The synthesis of NaYbF4 crystals was successfully accomplished by a facile hydrothermal method. The phase and the morphology of the products were governed by reaction times, tuning the PH values and double solvents co-doping. The products with diverse morphologies, including quasi-spherical nanoparticles, hollow microtubes, microrods, nanorods, flower-like microprisms, and branch-like irregular shapes, were prepared under different external parameters. The experimental results demonstrate that the reaction time, PH value and organic additives play vital roles in the phase and morphology of the products. Photoluminescence measurements demonstrate that the relative upconversion (UC) photoluminescence intensity of as-prepared products strongly depends on the crystal phase, morphology, size, crystallinity, surface organic group, as well as surface defects.

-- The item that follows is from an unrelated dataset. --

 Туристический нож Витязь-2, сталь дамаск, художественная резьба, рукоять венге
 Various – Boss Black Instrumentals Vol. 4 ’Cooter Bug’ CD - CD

Impressively, the energy transfer mechanisms are systematically clarified, and the enhancement of red emission is ascribed to the high Yb3+ concentration. The emission colors might be finely tuned from green to orange-red. Furthermore, the luminescence decay lifetime is related to morphologies, sizes, defects, emission intensity, and Red/Green (R/G) ratio. Particularly, through simple cytotoxicity test and in vivo bioimaging, the synthesized UC red emission nanospheres have broad application prospects in the field of biochemistry. •The α-NaYbF4 and β-NaYbF4 can be precisely tuned by reaction time and PH value of the initial solution.•The β-NaYbF4 with outstanding luminescence property can be prepared for PEG co-doped with CA.•The energy-transfer mechanisms are systematically clarified and the enhancement of red emission intensity is ascribed to the high Yb3+ concentration.•The luminescence decay lifetime is positively correlated with luminescence intensity and R/G ratio.•The synthesized UC red emission nanospheres have been proved to have broad application prospects in the field of biochemistry.